Consider the map $\Delta : H^{2}(\Omega) \rightarrow L^{2}(\Omega)$ the weak laplacian. My professor has commented that this map is a closed map, that is, the graph $G = \{(u, \Delta u) : u \in H^{2}\}$ is closed in $H^{2}(\Omega) \times L^{2}(\Omega)$.
I don't have any Idea how to proceed. If anyone has a tip or a reference which would help me, I really thank.
Let $\{(u_k,v_k)\} \subset G$ converge to some $(u,v)$ in $H^2(\Omega) \times L^2(\Omega)$. To prove $G$ is closed we need to show $(u,v) \in G$.
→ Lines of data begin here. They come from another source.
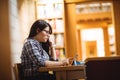 Female student using digital tablet Royalty Free Stock Photo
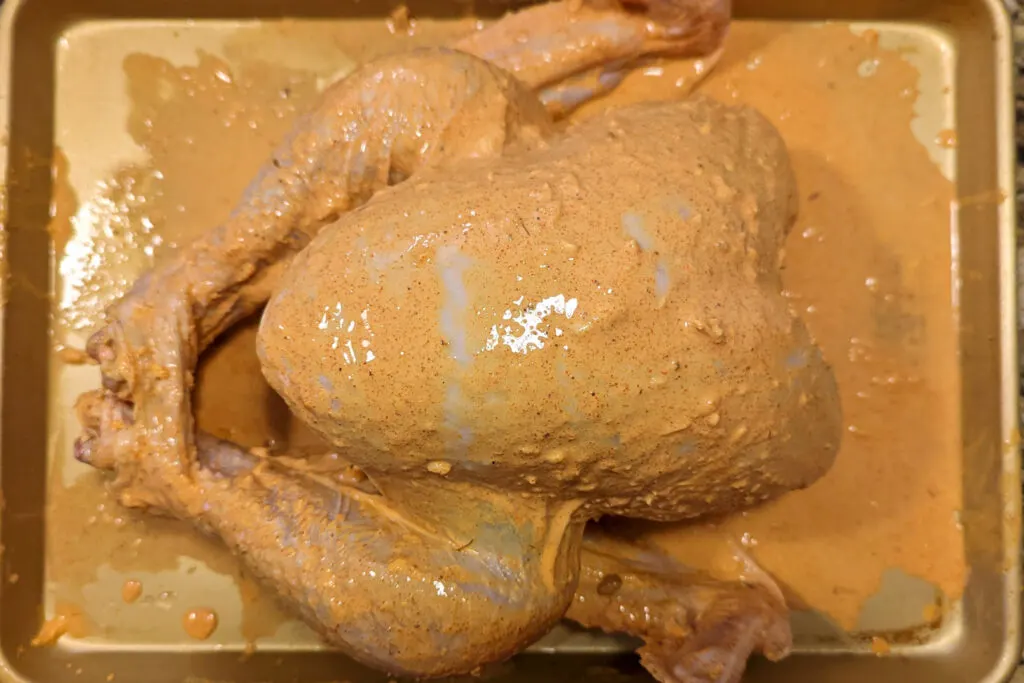 A uncooked turkey slathered in tandoori masala.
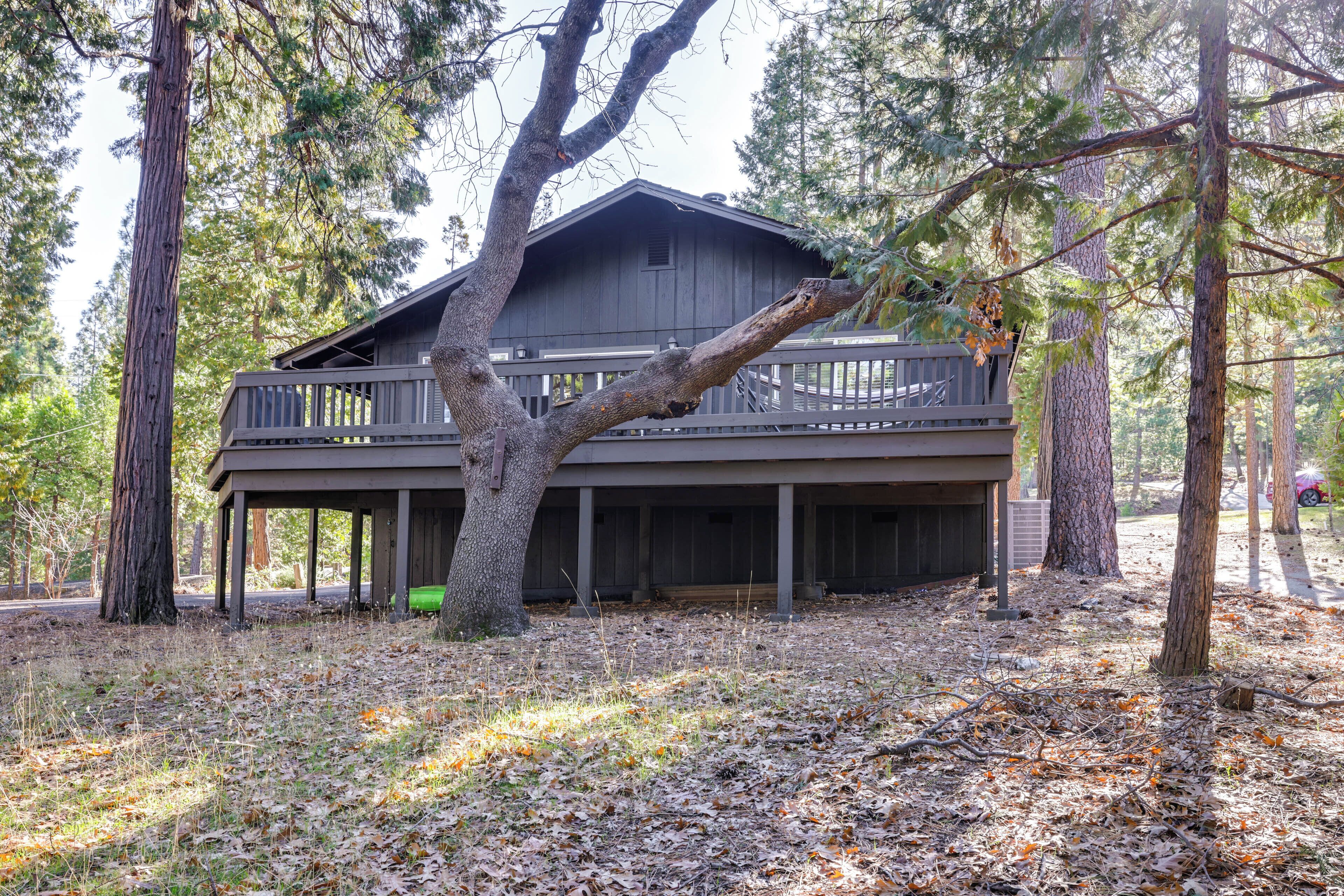 A two-story wooden cabin with a balcony, surrounded by trees.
From the definition of $G$ we know that $v_k = \Delta u_k$. Then \begin{align*} \| v - \Delta u \|_{L^2(\Omega)} &\leqslant \| v - v_k \|_{L^2(\Omega)} + \| \Delta u_k - \Delta u \|_{L^2(\Omega)} \\ &\leqslant \| v - v_k \|_{L^2(\Omega)} + \| u_k - u \|_{H^2(\Omega)}. \end{align*} Sending $k\to \infty$, we conclude that $v=\Delta u$, so $(u,v) \in G$.